In American legal circles, "originalism" certainly started as a conservative slogan. (This is much less the case in Canada, where it began with people like Frank Scott and Bora Laskin demanding that the courts return to John A. Macdonald's highly centralized conception of federation, as opposed to the more provincialist jurisprudence of the Privy Council.) The idea was that the Warren Court had stretched constitutional rights far beyond the "intent" of the framers.
However, over time, it has become clear that private intent at least must be irrelevant to the interpretation of a public document. All that can matter is the "original public meaning" of the phrases used. Moreover, since the important phrases describe very abstract concepts ("due process", "equal protection", "the freedom of speech", "interstate commerce"), then meaning is a very small part of constitutional adjudication. What matters more is the application of these concepts to the impugned government act. This in turn is going to involve questions of social fact and institutional competence that "non-orginalists" worry about. At the limit, the distinction between originalism and the "living constitution" starts to break down. (Although not necessarily totally breaking down: first, we may give some weight to the original generation's "expected application" and, second, some disputes may actually turn on semantic issues.)
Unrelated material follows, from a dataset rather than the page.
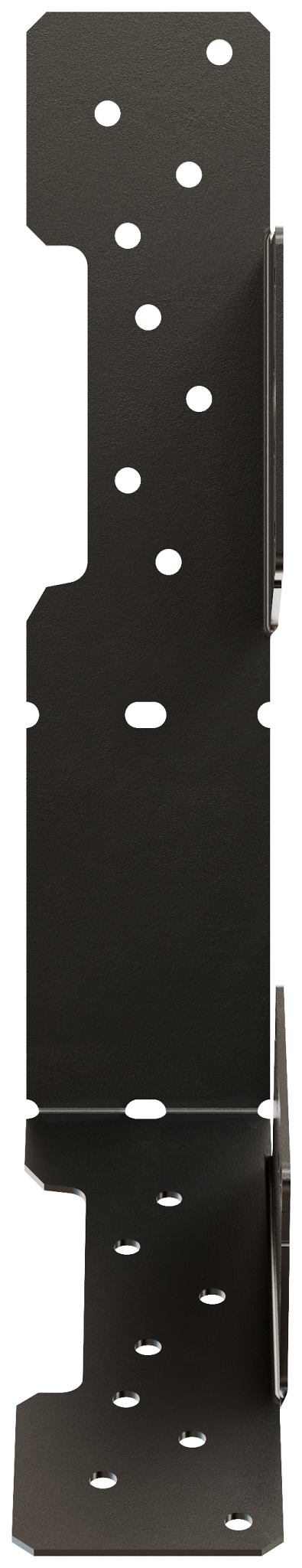 Simpson Strong-Tie LSCPC Outdoor Accents® LSCPC 18-Gauge ZMAX®, Black Powder-Coated Adjustable Stringer Connector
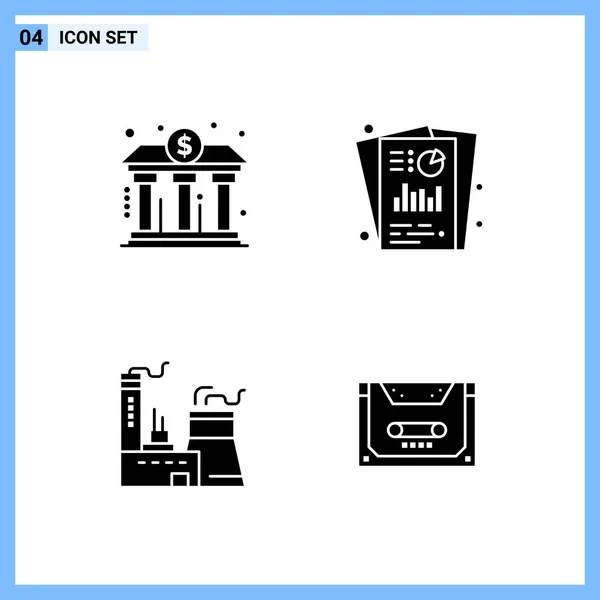 Conjunto Iconos Creativos Universales Simplemente Vector Ilustraciones Para Aplicaciones Web — Vector de stock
Franck barges into this complex conceptual field in the most arrogant possible fashion, declaring liberal originalists to constitute "faking it," to be a "hoot" and to demonstrate "cynicism." Balkin responds with an unreasonable degree of civility here and here.
But in his reply, Franck demonstrates a very basic confusion between judical restraint and originalism. To read him, one would think that Felix Frankfurter wrote the Federalist Papers. Remarkably, he seems to think that the post-New Deal understanding of the "interstate commerce" power as plenary was part of the original understanding, a position I can't imagine any historian agreeing with.
Some of his conclusions are reasonable ones, but assuming that the judicial power implied any power of constitutional review at all, then it must follow that some laws should be invalidated. And if Franck is claiming that the US Constitution did not imply a power of constitutional review, he needs to take the matter up with Alexander Hamilton:
The complete independence of the courts of justice is peculiarly essential in a limited Constitution. By a limited Constitution, I understand one which contains certain specified exceptions to the legislative authority; such, for instance, as that it shall pass no bills of attainder, no ex post facto laws, and the like. Limitations of this kind can be preserved in practice no other way than through the medium of courts of justice, whose duty it must be to declare all acts contrary to the manifest tenor of the Constitution void. Without this, all the reservations of particular rights or privileges would amount to nothing.
Brad DeLong has observed that there is no shortage of talented right-wing economists who would like to write for National Review, making its reliance on ignorant hacks somewhat inexplicable. The same is certainly true for lawyers. It's a bit of a mystery.
Update: Matthew Festa has studied citations to the Federalist Papers (the "originalist" source par excellence) in the Rehnquist Court, and has shown that liberals and conservatives cite to them at the same rate. Someone should do the same for Blackstone and Reconstruction-related material. I suspect you'd get the same result.
Update 2: I am not saying "judicial restraint" is a bad principle. Any and every theory of constitutional law invokes it some of the time. Total legislative supremacy is perfectly respectable in my book, although I think it is an eccentric view of what the US Constitution requires.